Unfortunately, machines and programs face another challenge in understanding spacial relations like we do: perspective! "The chair in front of the blue-lit monitor" can transform into the "chair behind the monitor", depending on ones point of view. The chair remains the same, yet its position and orientation in the environment may change. In order for machines to understand, that both described chairs are in fact the same object, MiKASA incorporates a so called "multi-key-anchor concept". It transmits the specific coordinates of anchor points in the field of view in relation to the targeted object and evaluates the importance of nearby object through text-descriptions. Through this method, semantic references aid in localization. The logic behind: a chair is typically faced towards a table or is positioned at a wall. The presence of a table and wall therefore define how a given chair would be orientated in the room indirectly.
The merger of languagemodells, acquired knowledge of semantics and object-recognition in 3D space, leads MiKASA to an accuracy of 78,6 percent (Sr3D Challenge), being a ten percent hit rate increase in the field of object-recognition in comparison to current other technologies!
„Seeing“ does not equal „understanding“
The baseline for eventual understanding is perception. This is why thousands of sensors are needed to gather data and merge them into a holstici representation of the gathered information. Without this cluster of data, spacial orientation becomes impossible - for humans and robots alike. Thankfully, the human brain is able to gather visual information through both our eyes and combine them into one consistent picture, omitting overlaps and duplicate sensoriy information automatically. Replicating this ability for machines proves to be difficult, but researchers at the DFKI may have found an efficient solution: the Partial Graph Matching Network with Semantic Geometric Fusion for 3D Scene Graph Alignment and its Downstream Tasks (SG-PGM).
The alignment between so called 3D scene graphs offers the foundation for a multitude of use cases. It supports point cloud registration - and helps robots to navigate the world. In order to enable the same in dynamic scenes with unpredictable noize, SG-PGM links those visualisations with a neural network. "Our program recycles geometric elements which have been learned through point cloud registration and associates the clustered geometric data points with semantic attributes at node level", so researcher Alain Pagani, Department Augmented Vision at the DFKI. Essentially, a group of points is given a semantic meaning (for example the meaning: "blue chair in front of a monitor"). The same group can then be recognized in another graph and does not have to be visualized again in the final representation of the scene.
Through this method SG-PGM accomplishes to detect overlaps with high precision and generates as exact of an representation as possible.

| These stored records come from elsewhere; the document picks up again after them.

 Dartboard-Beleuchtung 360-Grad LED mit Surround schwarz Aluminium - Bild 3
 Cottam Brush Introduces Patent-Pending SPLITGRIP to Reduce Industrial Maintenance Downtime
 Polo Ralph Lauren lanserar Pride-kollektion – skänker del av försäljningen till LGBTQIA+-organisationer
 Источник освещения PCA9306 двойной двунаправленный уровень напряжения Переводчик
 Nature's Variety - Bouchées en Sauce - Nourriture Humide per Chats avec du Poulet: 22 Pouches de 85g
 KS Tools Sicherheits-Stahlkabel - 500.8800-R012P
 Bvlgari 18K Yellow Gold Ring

This means: Better orientation for robots in their specific environment and accurate localization of objects. In order to honor this achievement, the organizers of the annual CVPR in Seattle have granted a placement to the corresponding paper.
From 17th until 21st of June the CVPR 2024 will take place at the Seattle Convention Center and is renowned for being one of the most important events in machine-pattern-regocnition. Out of thousands of submissions the most relevant technological methods and developers have been invited to the conference in Seattle. Didier Stricker, Department-director of Augmented Vision at the DFKI and his team will be present with six different publications, for example, covering technologies for 3D object-recognition through variable text descriptions and holistic scene-encoding.